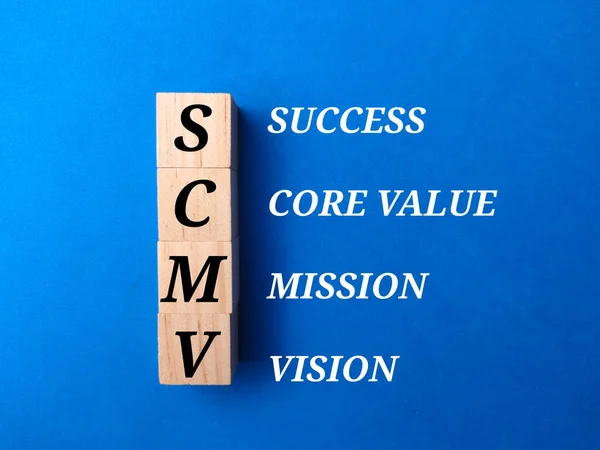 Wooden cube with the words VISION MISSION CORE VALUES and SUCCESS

□ □ □ □ □ □ □

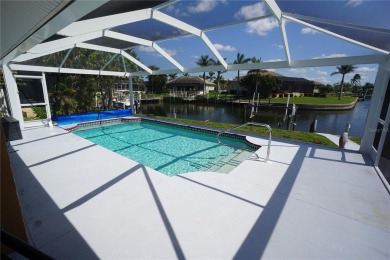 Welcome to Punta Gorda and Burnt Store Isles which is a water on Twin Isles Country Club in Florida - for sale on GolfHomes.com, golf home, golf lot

□ □ □ □ □ □ □

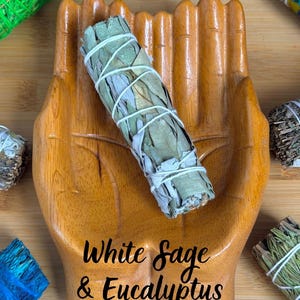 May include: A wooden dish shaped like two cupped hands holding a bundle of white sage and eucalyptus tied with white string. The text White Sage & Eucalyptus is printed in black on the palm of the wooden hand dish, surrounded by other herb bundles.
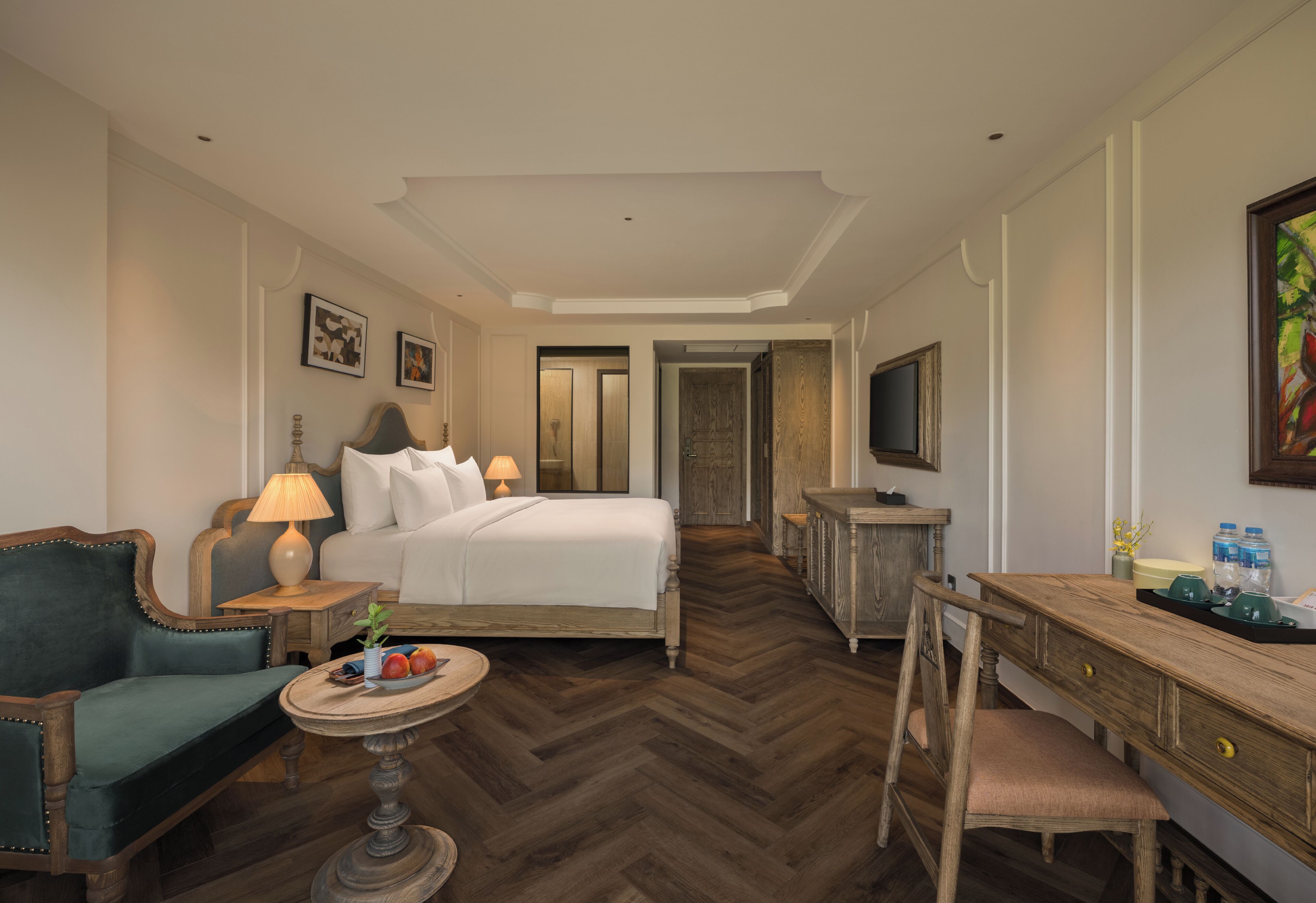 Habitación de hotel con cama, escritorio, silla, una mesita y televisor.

□ □ □ □ □ □ □

» **Exercise objective**: Both the line above containing "May include: A" and the line containing "Habitación de hotel" belong in the copy, along with every line between them; print these exactly and omit the pictures.

» **Reply**:
 May include: A wooden dish shaped like two cupped hands holding a bundle of white sage and eucalyptus tied with white string. The text White Sage & Eucalyptus is printed in black on the palm of the wooden hand dish, surrounded by other herb bundles.
 Habitación de hotel con cama, escritorio, silla, una mesita y televisor.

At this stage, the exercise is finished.